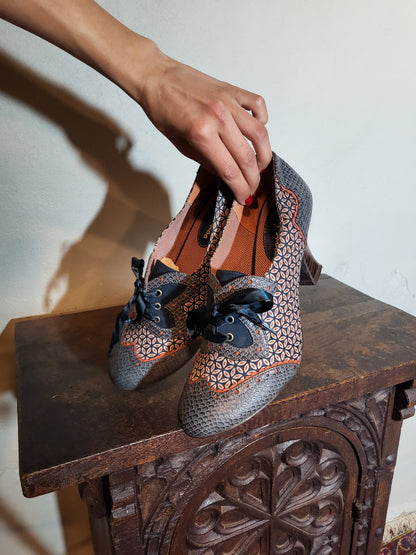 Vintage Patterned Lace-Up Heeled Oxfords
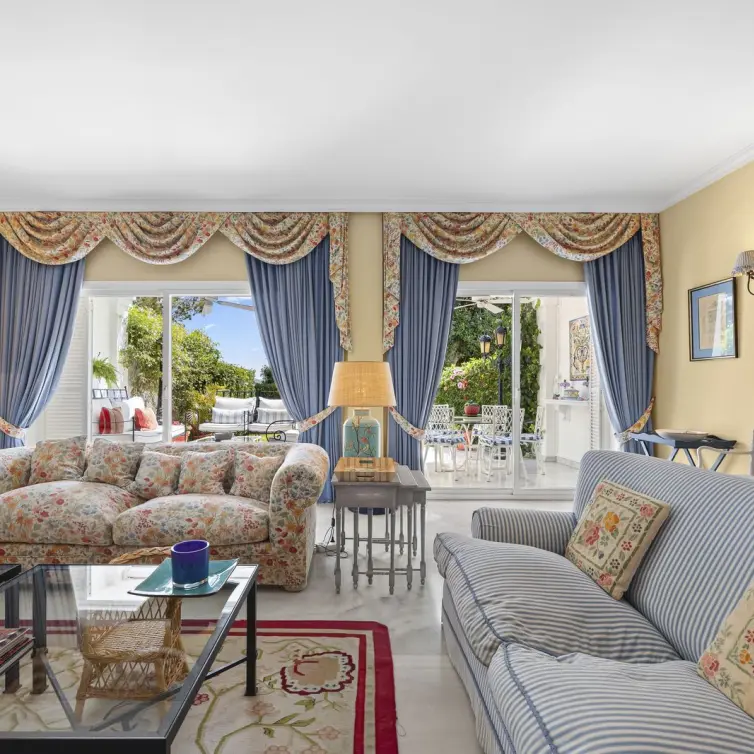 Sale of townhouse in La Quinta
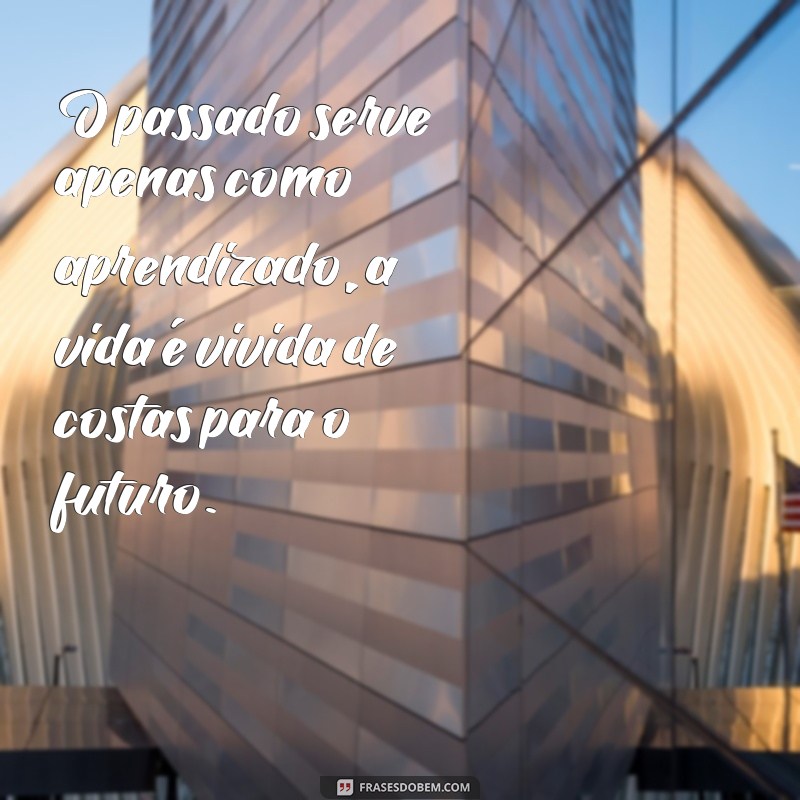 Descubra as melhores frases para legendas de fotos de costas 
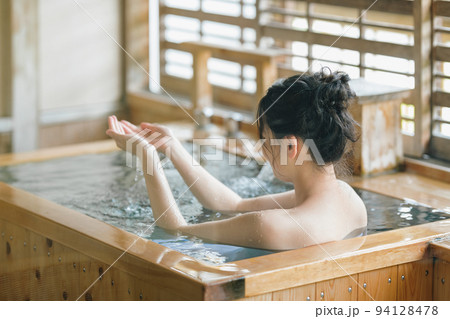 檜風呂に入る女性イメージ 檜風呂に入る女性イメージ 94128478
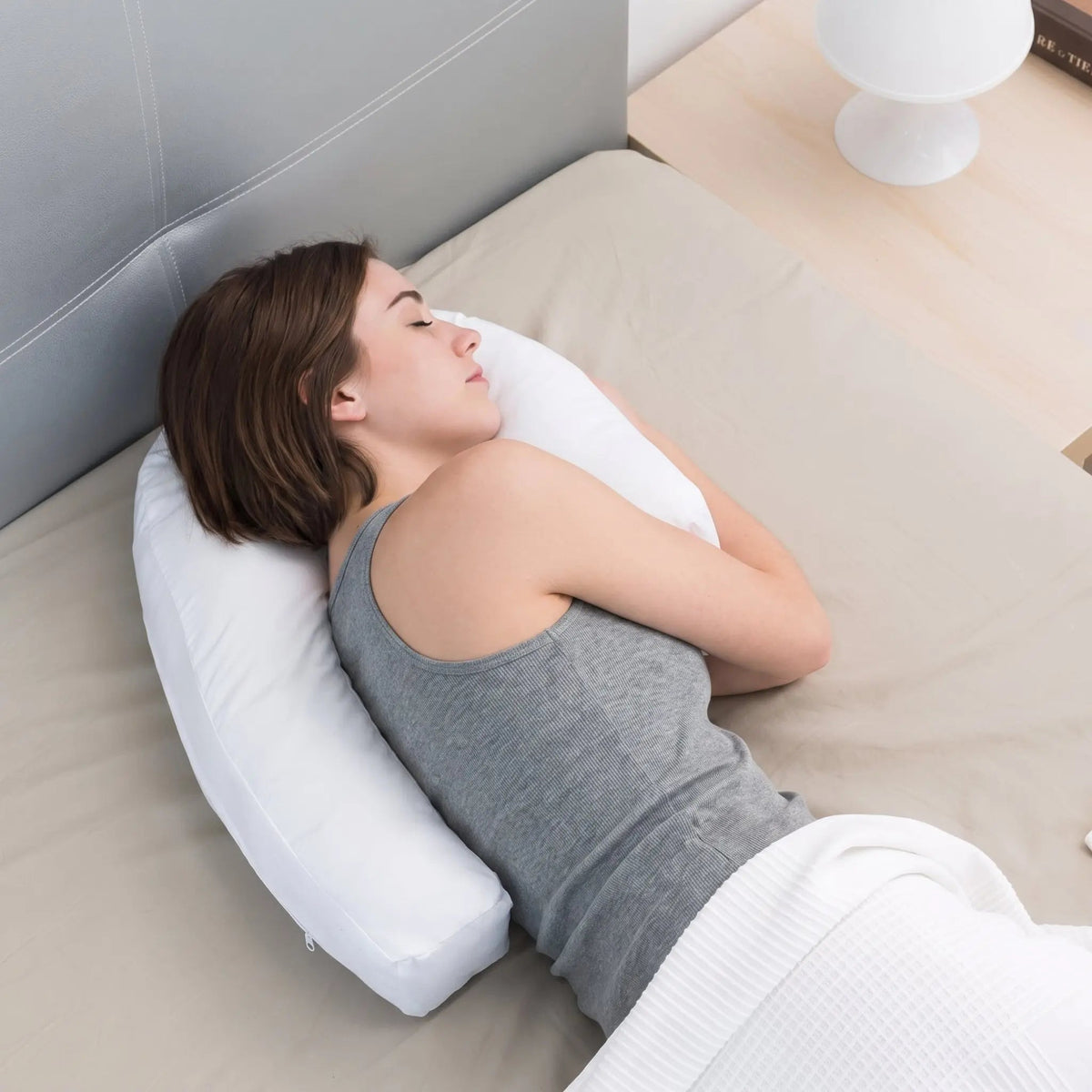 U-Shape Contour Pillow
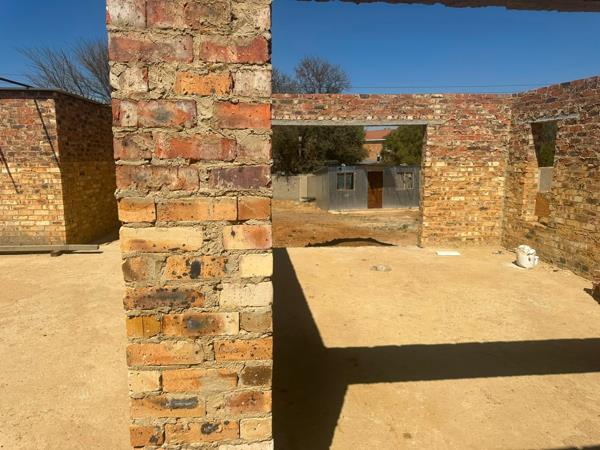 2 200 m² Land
● ● ● ● ● ● ●
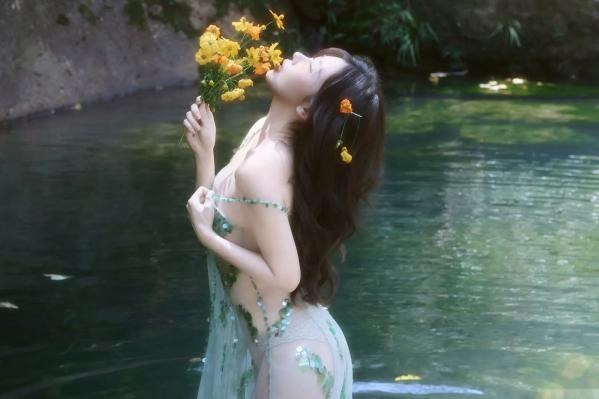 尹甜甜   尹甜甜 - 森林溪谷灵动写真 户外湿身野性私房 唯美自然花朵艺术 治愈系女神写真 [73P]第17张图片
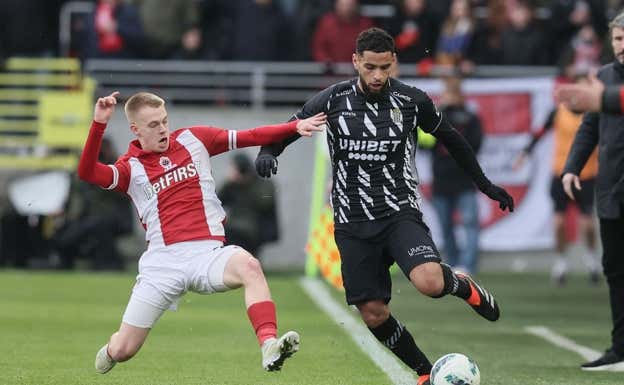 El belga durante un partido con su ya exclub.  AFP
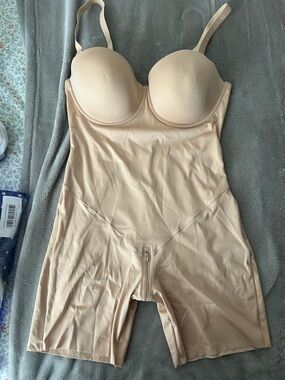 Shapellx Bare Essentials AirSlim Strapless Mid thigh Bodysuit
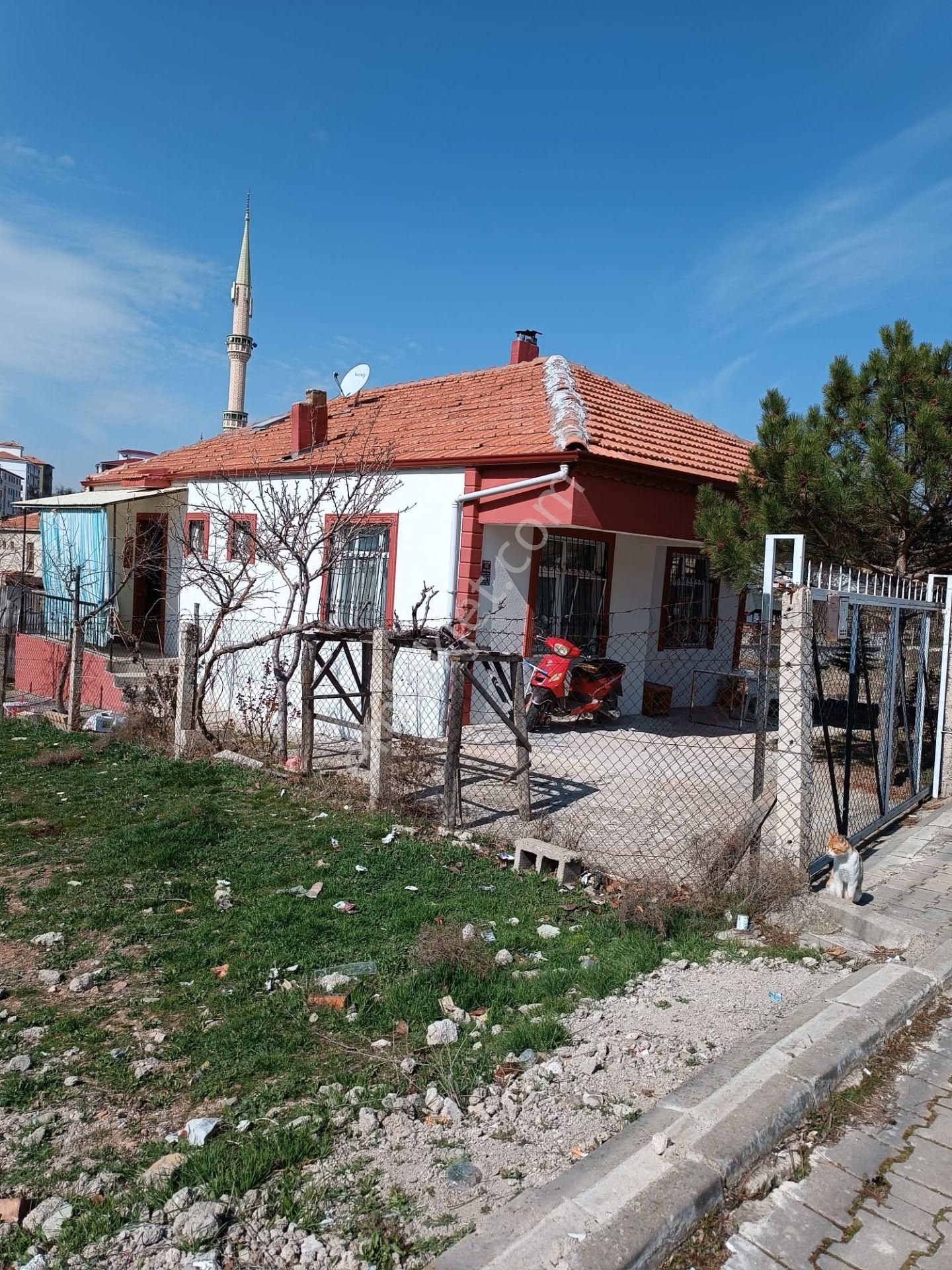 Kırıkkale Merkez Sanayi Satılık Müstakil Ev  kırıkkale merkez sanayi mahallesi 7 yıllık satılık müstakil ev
● ● ● ● ● ● ●
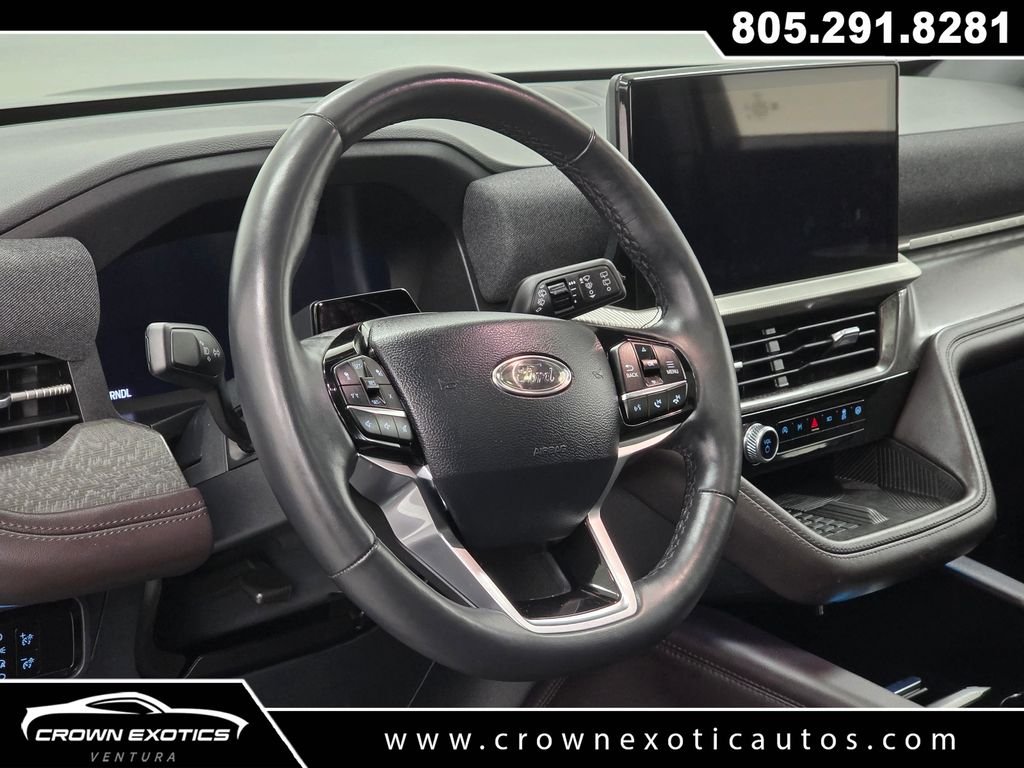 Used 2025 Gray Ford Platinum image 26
● ● ● ● ● ● ●
Directions.
Here the job is to copy the stretch of records from the line containing "唯美自然花朵艺术 治愈系女神写真 [73P]第17张图片" through the line containing "Kırıkkale Merkez Sanayi Satılık", word for word. Leave every picture out.

Exercise output.
 尹甜甜   尹甜甜 - 森林溪谷灵动写真 户外湿身野性私房 唯美自然花朵艺术 治愈系女神写真 [73P]第17张图片
 El belga durante un partido con su ya exclub.  AFP
 Shapellx Bare Essentials AirSlim Strapless Mid thigh Bodysuit
 Kırıkkale Merkez Sanayi Satılık Müstakil Ev  kırıkkale merkez sanayi mahallesi 7 yıllık satılık müstakil ev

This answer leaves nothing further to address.